NTTが谷脇氏を接待した日付と総額は次の通り。

 

▽2018年9月4日、鵜浦博夫NTT前社長が接待し、総額30万2000円
▽同年9月20日、澤田純NTT現社長が接待し、総額8万7000円
▽20年7月3日、岩本敏男NTTデータ前社長が接待し、総額は19万3000円

 

3回の接待総額は約58万2000円。接待場所はいずれも、港区麻布十番にある会員制レストラン「KNOX」。この店はNTTグループの中核企業が資金を支える、別名“NTTの迎賓館”だ。

谷脇氏の行為は、国家公務員倫理法に明確に違反する。倫理規程には「自己の飲食に要する費用が1万円を超えるときは、あらかじめ倫理監督官が定める事項を倫理監督官に届け出なければならない」と記されているが、谷脇氏は総務省に届け出を一度もしていない。

NTTはNTT法によって規定される。政府がNTTの株式の3分の1以上を保有し、取締役の選任から事業計画まで総務相の認可が必要だ。NTTは総務省にとって国内最大の利害関係者である。利害関係者からの接待を禁じる倫理規程に明確に違反する。

また、昨年6月4日に巻口英司総務相国際戦略局長と総務審議官だった山田真貴子前内閣広報官が澤田社長から接待を受けていた。その総額は33万円。谷脇氏と山田氏は、菅首相の長男正剛氏が勤める東北新社から1人1回7万円超の飲食接待を受けていた。山田氏は3月1日に内閣広報官を辞職した。

谷脇氏は政権の看板政策である携帯電話料金引き下げの旗振り役で、首相に近いことで知られる。
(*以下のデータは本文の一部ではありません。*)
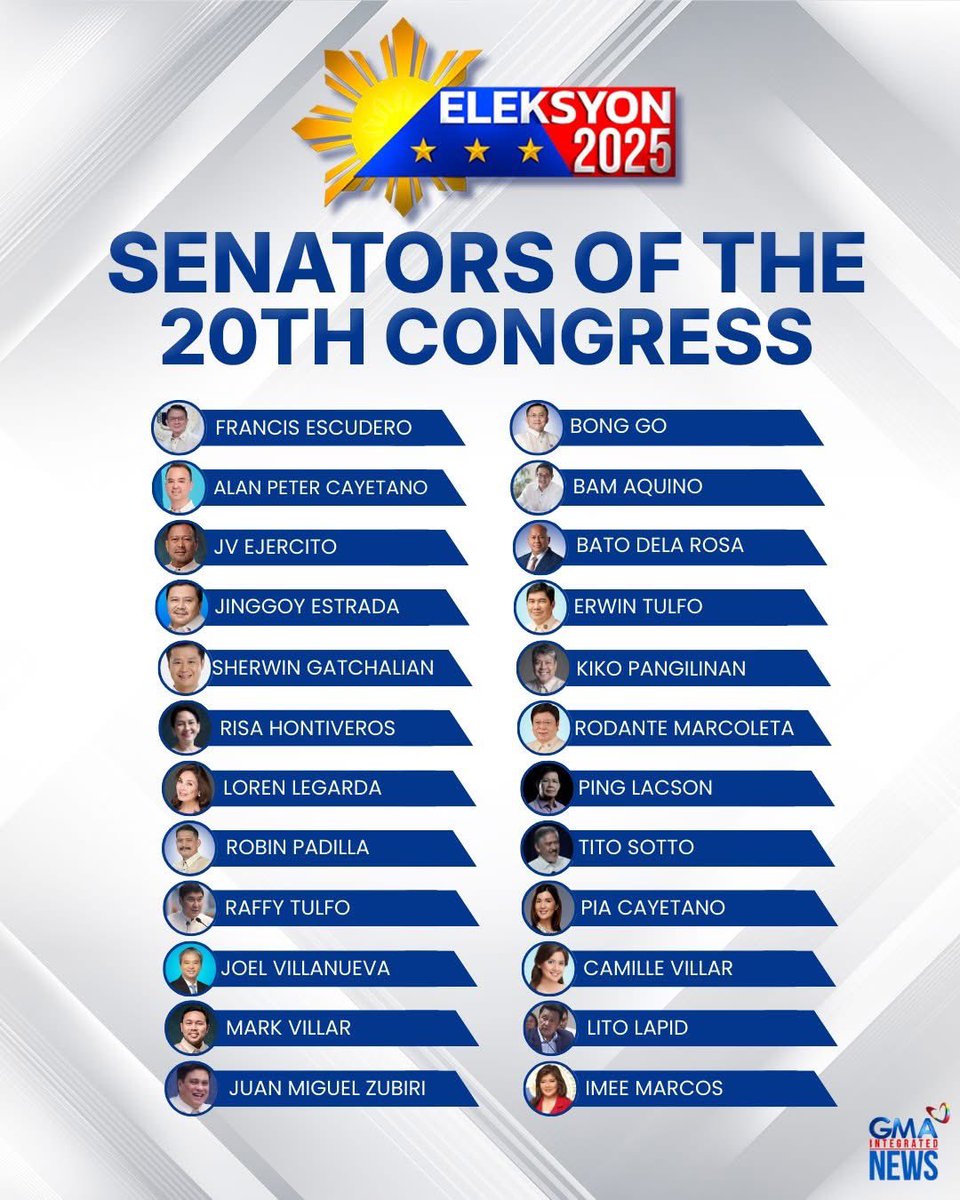 Jjcruz2's tweet photo. Senators of the 20th Congress.
#SenatePH https://t.co/qMvePrXx9v
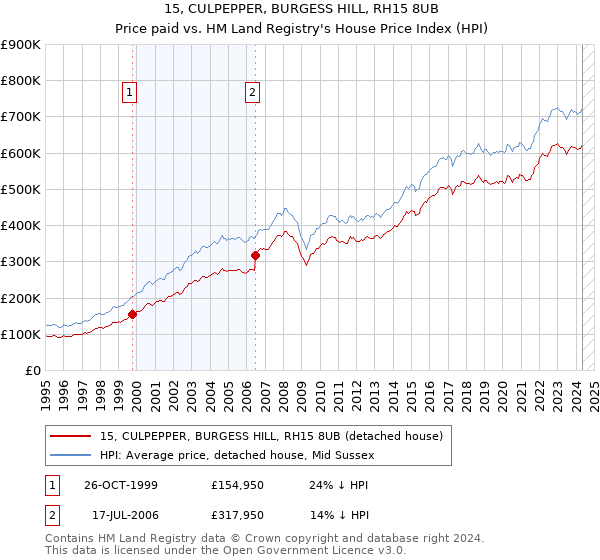 15, CULPEPPER, BURGESS HILL, RH15 8UB: Price paid vs HM Land Registry's House Price Index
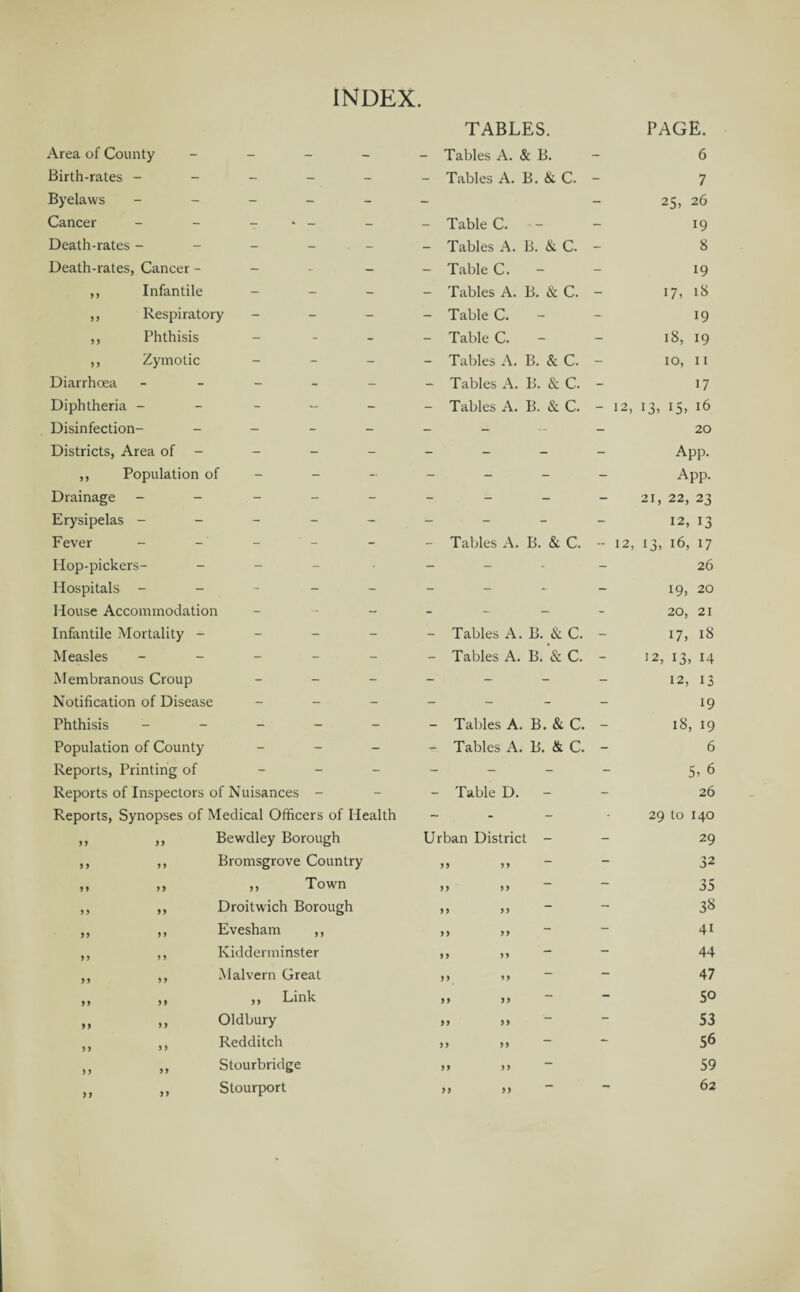 INDEX. Area of County - Birth-rates - - - - - Byelaws - - - Cancer - - • - Death-rates - - - - Death-rates, Cancer - - - - ,, Infantile - ,, Respiratory - - - ,, Phthisis - ,, Zymotic - Diarrhoea - Diphtheria ----- Disinfection- - Districts, Area of - ,, Population of - Drainage ----- Erysipelas ----- Fever - - - Hop-pickers- Hospitals - - - House Accommodation - Infantile Mortality - - - - Measles ----- Membranous Croup - Notification of Disease _ _ _ Phthisis _____ Population of County - Reports, Printing of - Reports of Inspectors of Nuisances - Reports, Synopses of Medical Officers of Health Bewdley Borough Bromsgrove Country ,, Town Droitwich Borough Evesham ,, Kidderminster Malvern Great ,, Link Oldbury Redditch Stourbridge Stourport TABLES. PAGE. Tables A. & B. 6 - Tables A. B. & C. 7 25, 26 - Table C. - 19 - Tables A. B. & C. 8 - Table C. 19 - Tables A. B. & C. 17, 18 - Table C. 19 - Table C. 18, 19 - Tables A. B. & C. 10, 11 - Tables A. B. & C. 17 - Tables A. B. & C. - 12, 13, 15, 16 - - 20 - - App. - - App. - - 21, 22, 23 - - 12, 13 - Tables A. B. & C. - 12, 13, 16, 17 - - 26 - - 19, 20 - - 20, 21 - Tables A. B. & C. 1 oc - Tables A. B. '& C. 12, 13, 14 - - 12, 13 - - 19 - Tables A. B. & C. 18, 19 - Tables A. B. & C. 6 - 5. 6 Table D. - 26 - 29 to 140 Urban District - 29 9 9 9 9 32 9 9 9 9 35 9 9 9 9 3^ 9 9 99 4i 99 99 44 9 9 9 9 47 99 99 5° 99 99 53 9 9 9 9 56 99 9 9 59 9 9 9 9 62 99 99 99 99 99 99 99 99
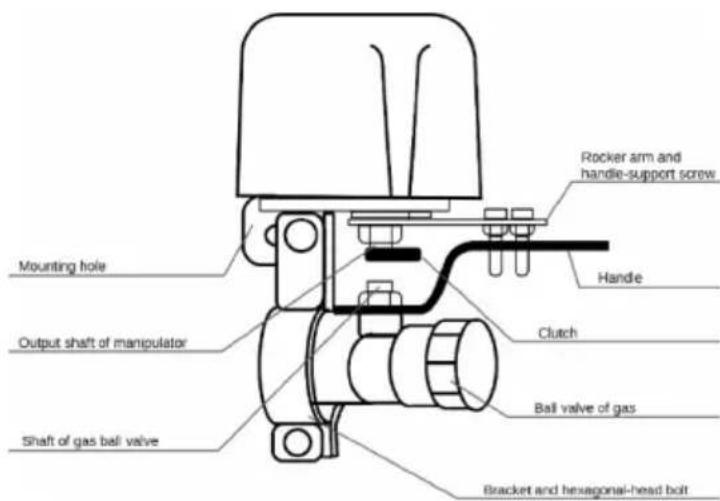 Mounting hole Output shaft of manipulator Shaft of gas ball valve Cracker arm and handle-support screw Handle Clutch Ball valve of gas Bracket and hexagonal-head bolt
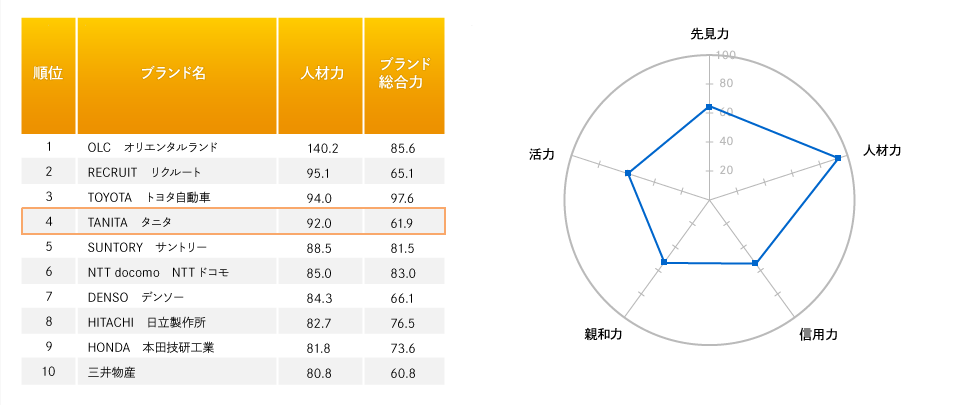 【図3】「ブランド・ジャパン2014」ビジネス市場(BtoB)編の「人材力」ランキングトップ10と「タニタ」のイメージパターン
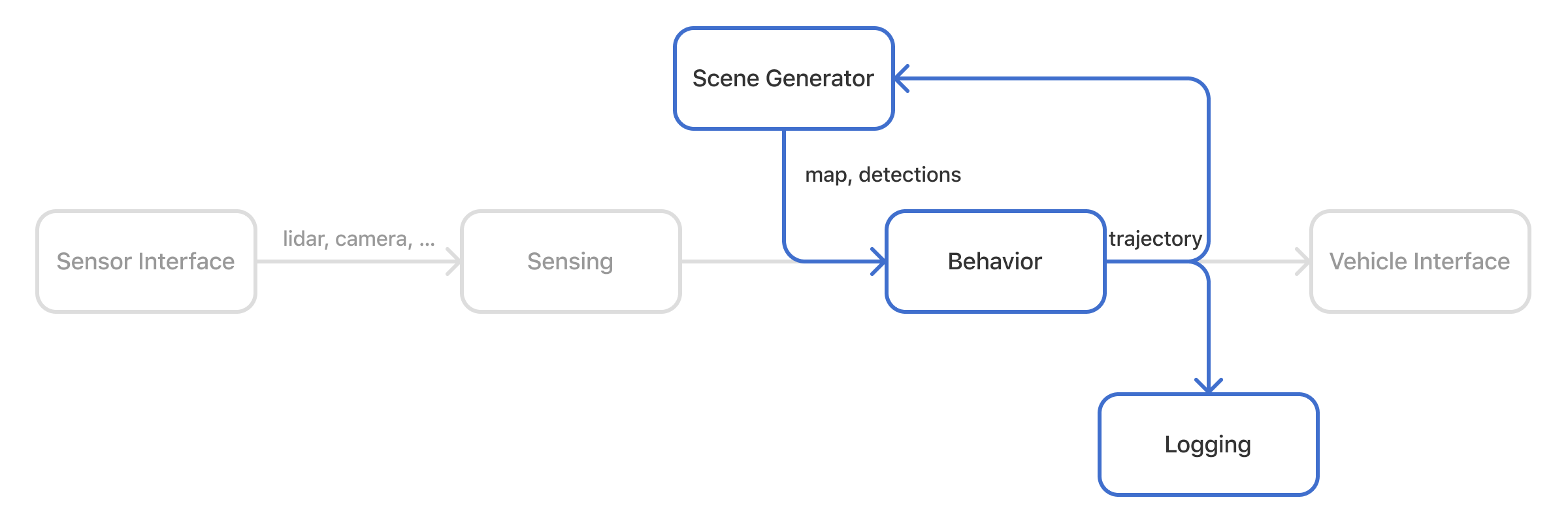 A modified block diagram with an arrow labeled map and detections pointing from Scene Generator to Behavior. The additional components Sensor Interface, Sensing, and Vehicle Interface are drawn in gray.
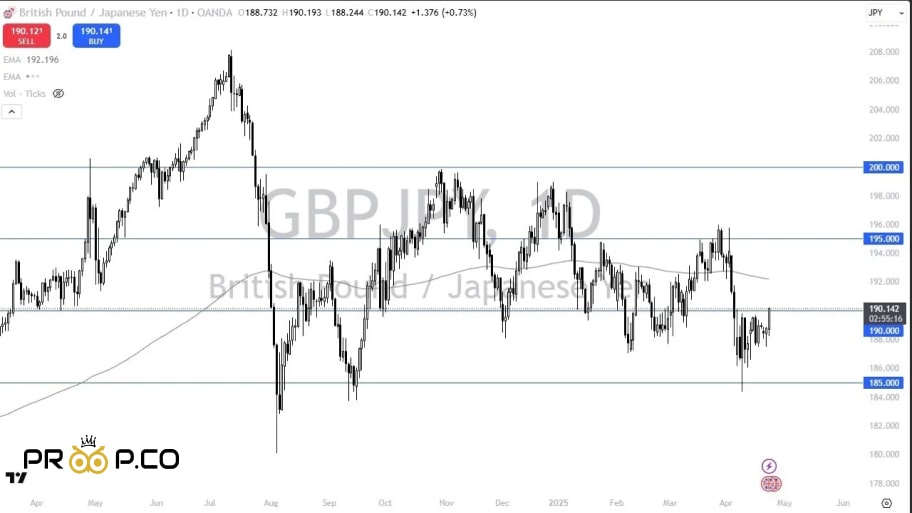 تحلیل تکنیکال GBP/JPY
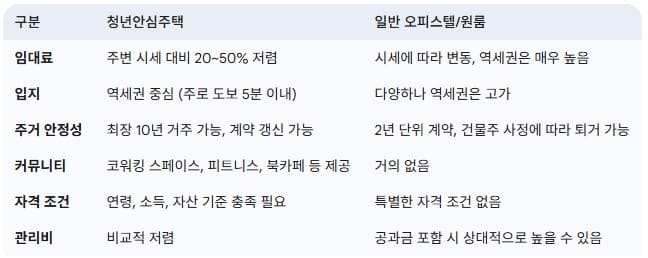 청년안심주택-vs-오피스텔-원룸-차이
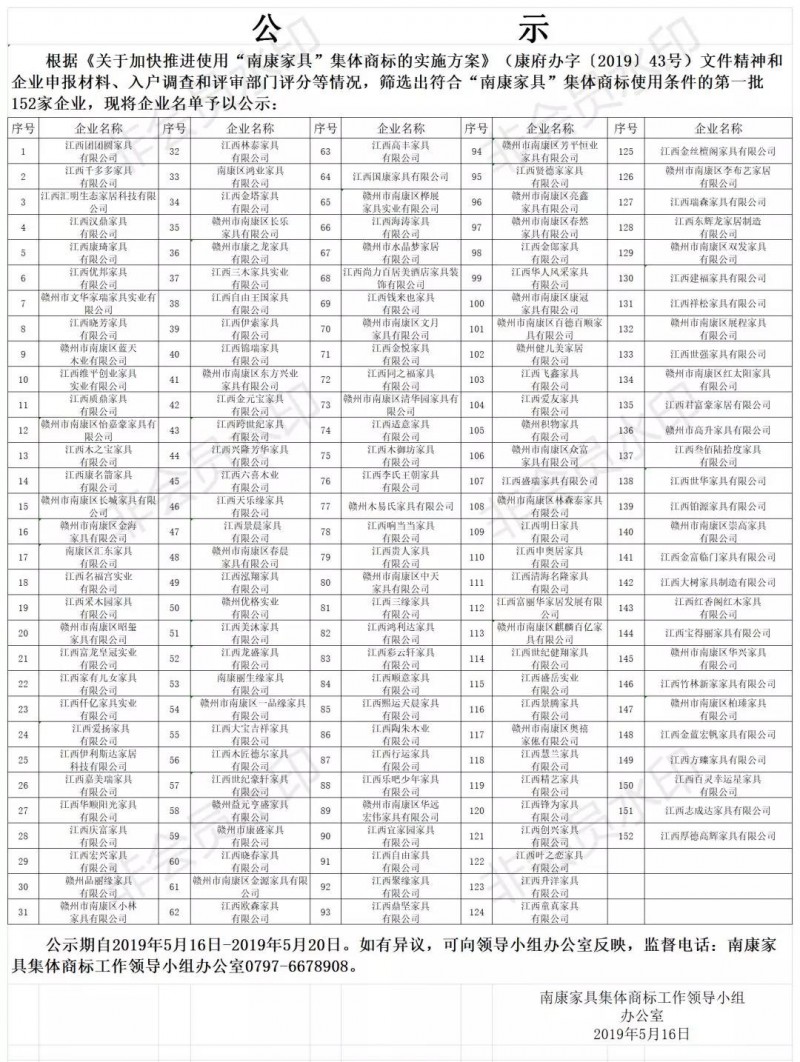 152家家具企业拟使用“南康家具”集体商标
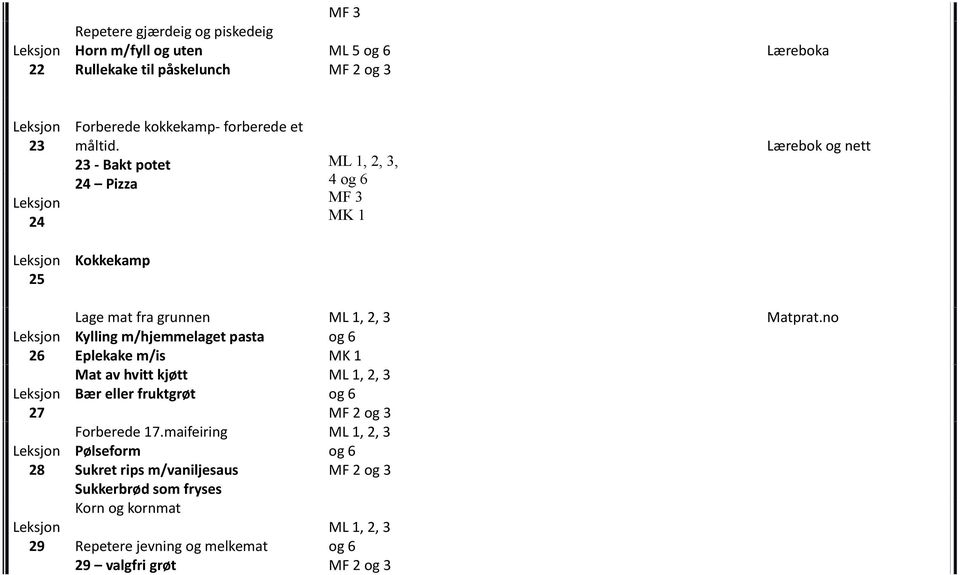 23 - Bakt potet 2 Pizza Lærebok og nett 25 Kokkekamp 26 2 28 29 Lage mat fra grunnen Kylling m/hjemmelaget pasta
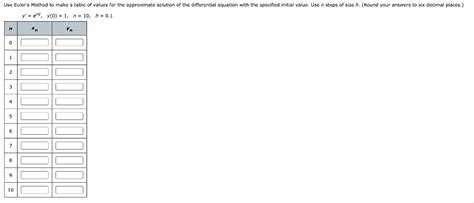 SOLVED: 2. Eulers Method Use Eulers Method ta make a table of values ...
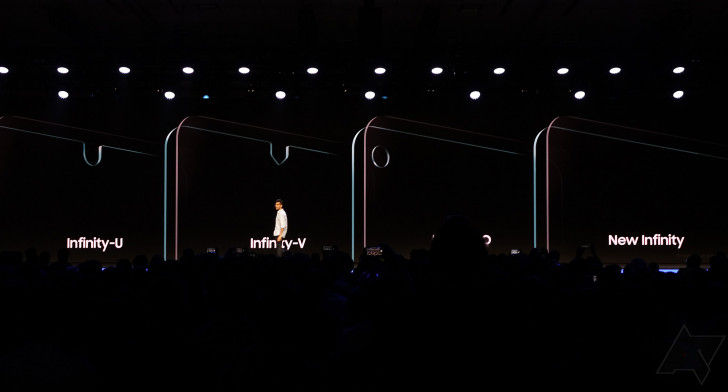 A Samsung háromféle notchot hoz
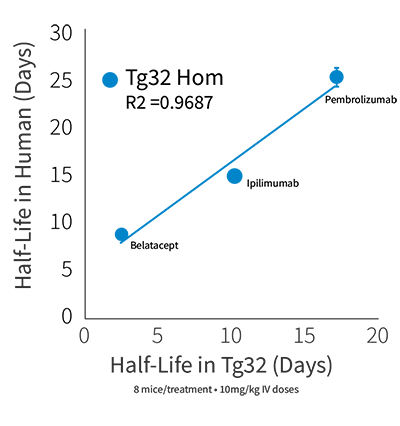 HuPK - Half-Life in Tg32 (Days)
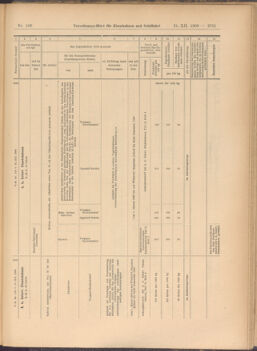 Verordnungs-Blatt für Eisenbahnen und Schiffahrt: Veröffentlichungen in Tarif- und Transport-Angelegenheiten 19081231 Seite: 19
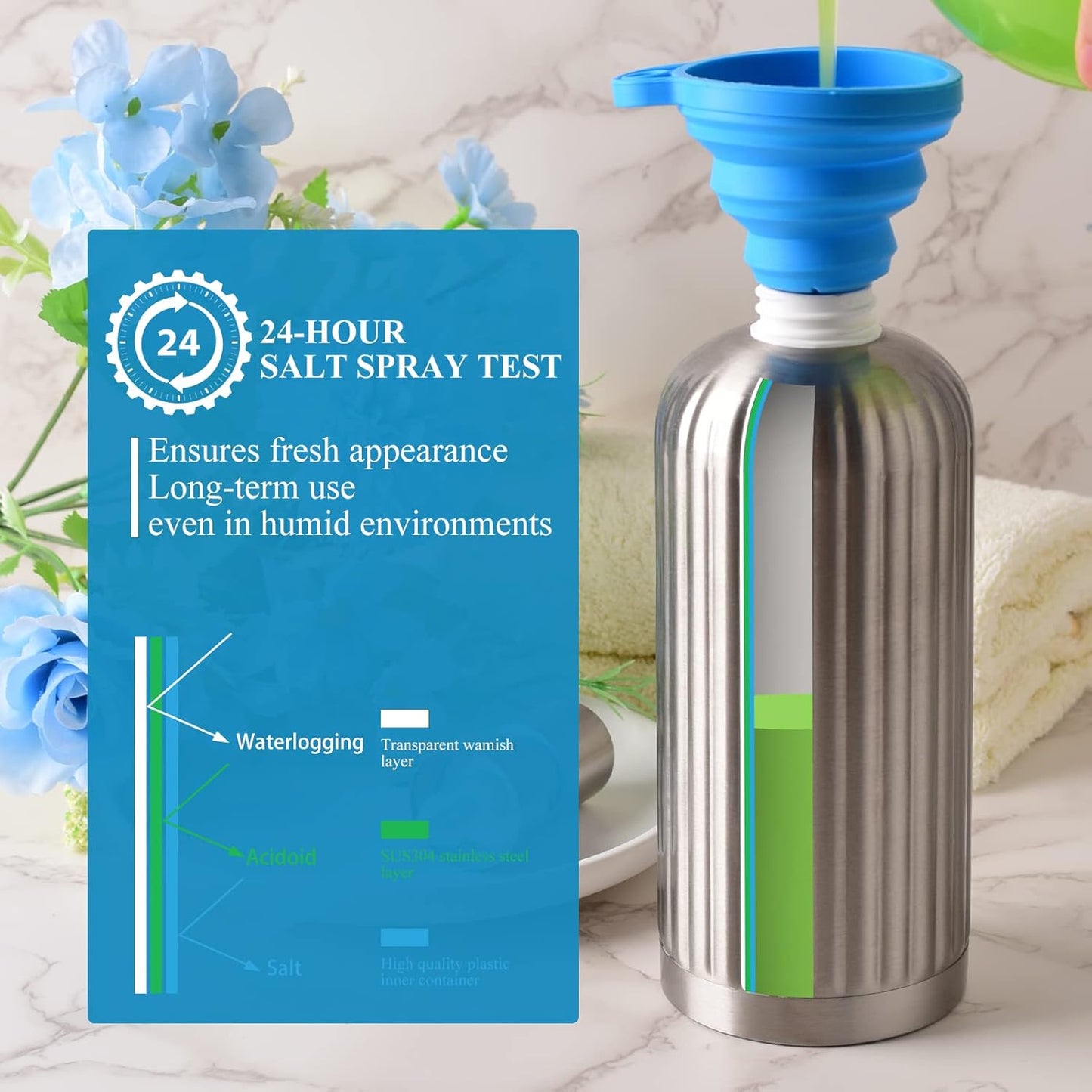 Countertop Soap Dispenser - Rust-Proof Roman Column Shaped Stainless Steel Bottle with Pump for Bathroom and Kitchen - 18 oz Brushed Nickel Liquid and Lotion Dish Soap Dispenser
一連の接待の直前の18年8月、菅官房長官(当時)は札幌市内で会見し、携帯電話の利用料に関して「4割程度下げる余地はある」と発言。通信事業者に値下げを求めた。値下げ圧力と接待問題は密接に関係している。
さらに野田聖子元総務相ら政務三役への接待も明らかになっており、政官業の癒着構造に厳しくメスを入れなければならない。社民党など野党は今国会で疑惑の全容解明に全力を挙げる。